*** Data listing

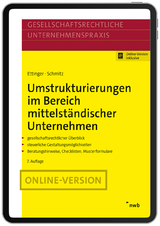 Umstrukturierungen im Bereich mittelständischer Unternehmen - Ettinger, Jochen; Schmitz, Markus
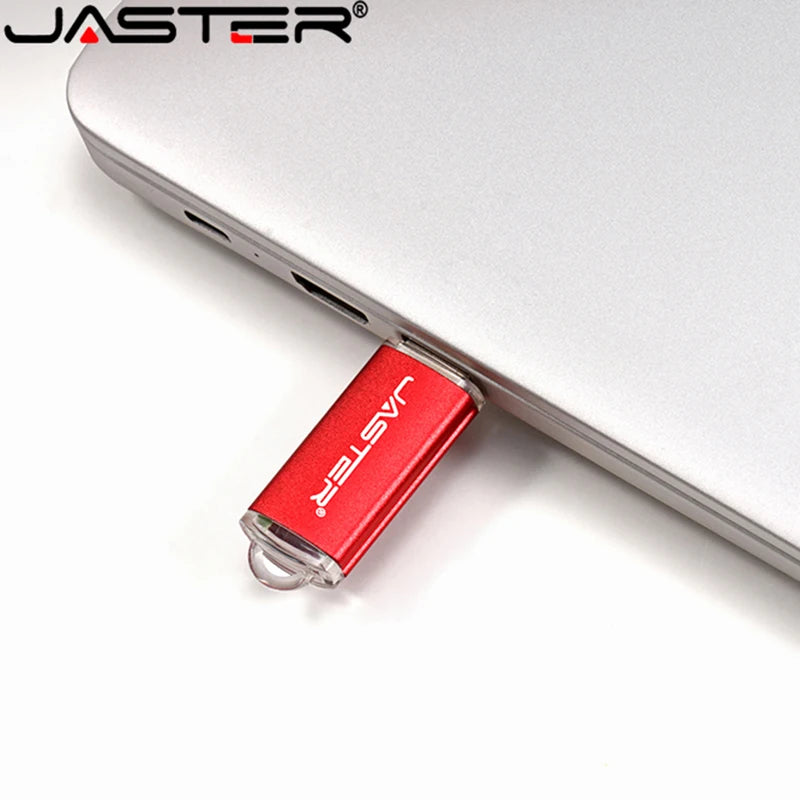 Clé USB JASTER avec Porte-Clés – 128M à 128Go, 9 Couleurs, USB 2.0, Cadeau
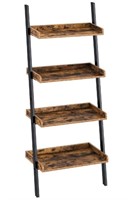 Rolanstar Ladder Shelf, Wall-Leaning Ladder Booksh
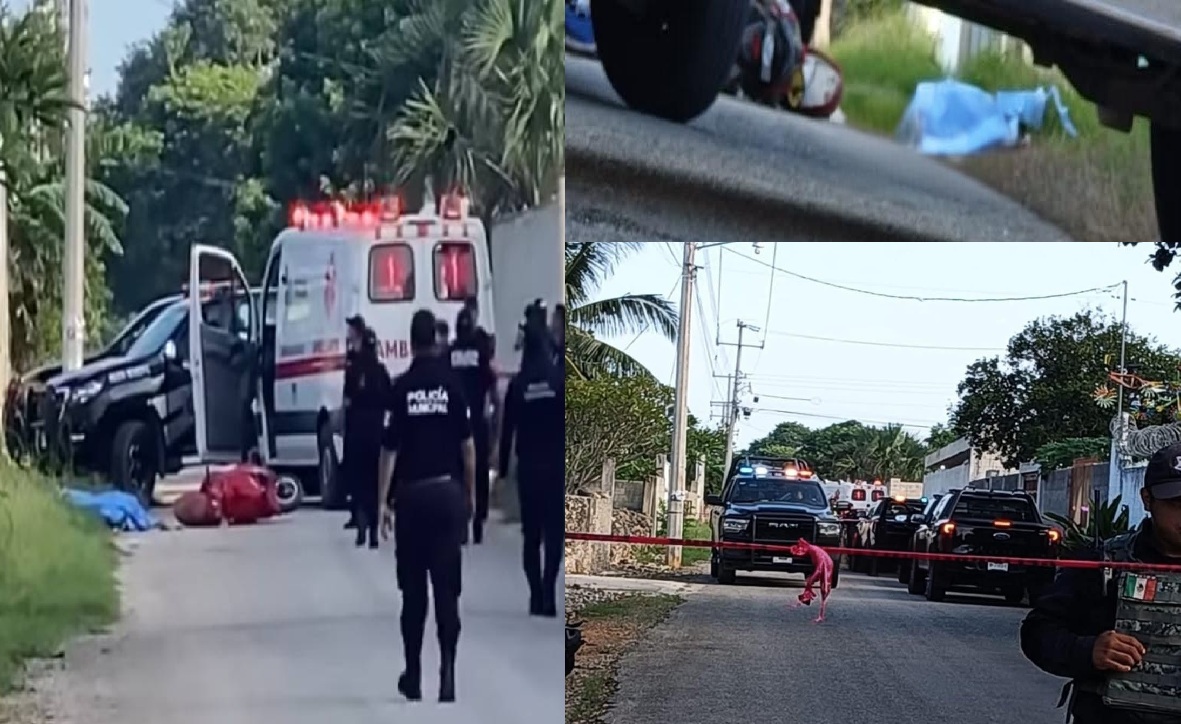Violento sujeto atropella a su esposa y la mata con un cuchillo, luego intenta suicidarse en Ticul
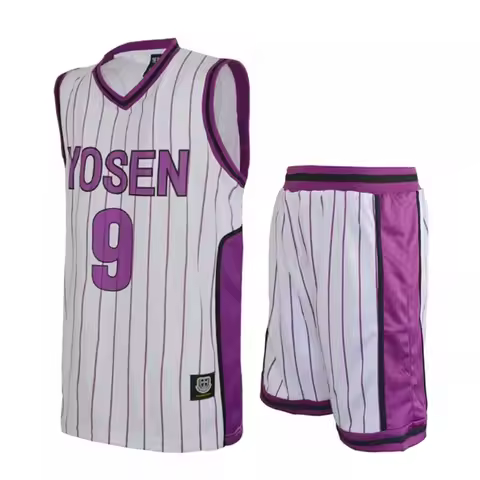 Kuroko no Basuke Anime Cosplay Yosen Basket School Uniform Murasakibara Atsushi Jersey Set 9 12 Spor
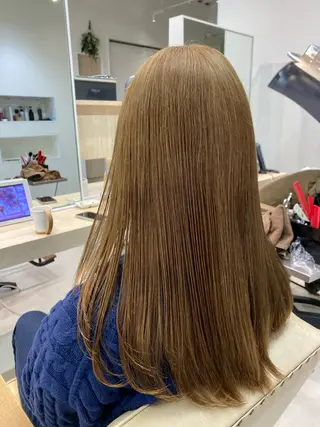 ロング カラー momo/エクステ /透明感カラー🎀のヘアスタイル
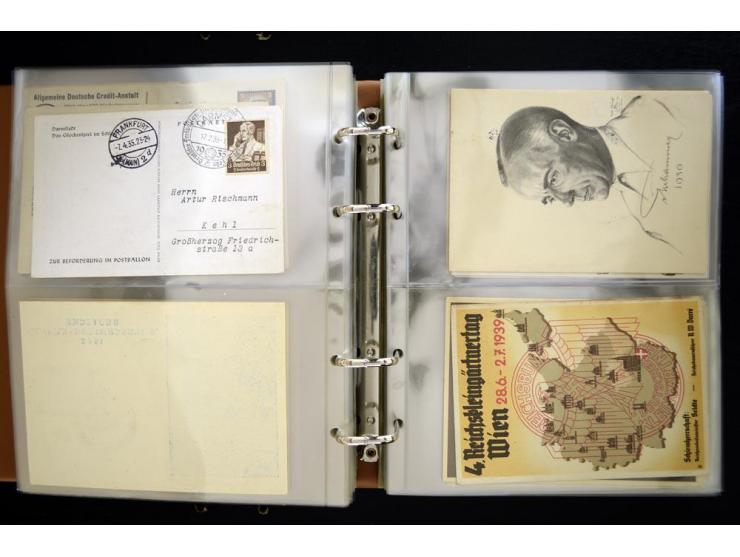 PROPAGANDAKARTEN: 1919/1945, umfangreiche Sammlung mit  über 1000 ungebrauchten und gebrauchten Karten inkl. einigen Werbe- u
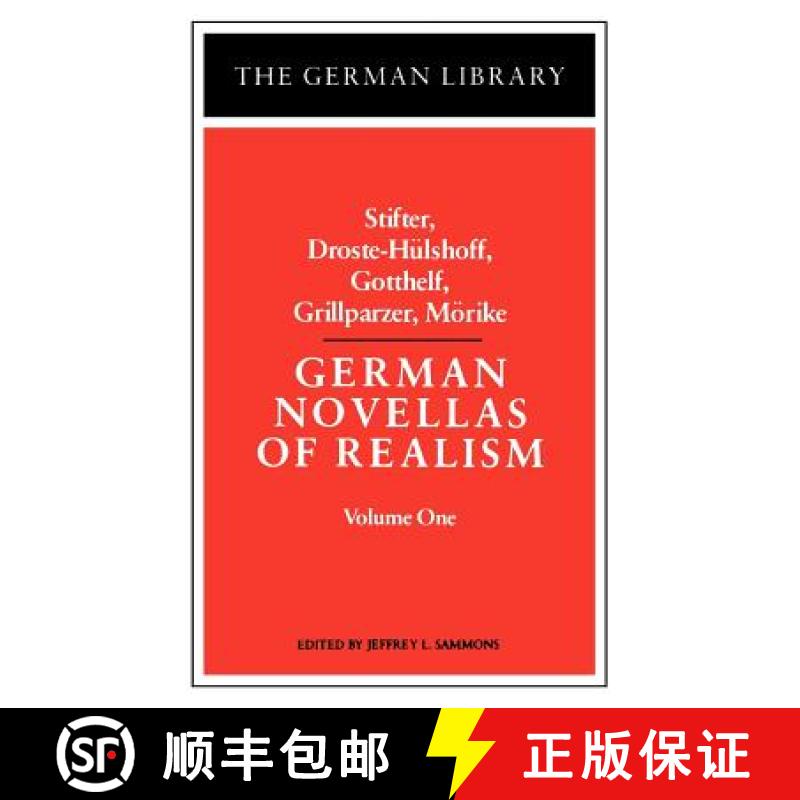 【3-4周达】German Novellas of Realism: Stifter, Droste-Hulshoff, Gotthelf, Grillparzer, Morike: Volume 1 [9780826403179]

******

Your task -> The last line of the entries marks the end, and the line with "Rolanstar Ladder Shelf, Wall-Leaning" marks the start. Output exactly those two lines and every line between them, nothing else, with the pictures left out.

Worked solution ->
 Rolanstar Ladder Shelf, Wall-Leaning Ladder Booksh
Violento sujeto atropella a su esposa y la mata con un cuchillo, luego intenta suicidarse en Ticul
 Kuroko no Basuke Anime Cosplay Yosen Basket School Uniform Murasakibara Atsushi Jersey Set 9 12 Spor
 ロング カラー momo/エクステ /透明感カラー🎀のヘアスタイル
 PROPAGANDAKARTEN: 1919/1945, umfangreiche Sammlung mit  über 1000 ungebrauchten und gebrauchten Karten inkl. einigen Werbe- u
 【3-4周达】German Novellas of Realism: Stifter, Droste-Hulshoff, Gotthelf, Grillparzer, Morike: Volume 1 [9780826403179]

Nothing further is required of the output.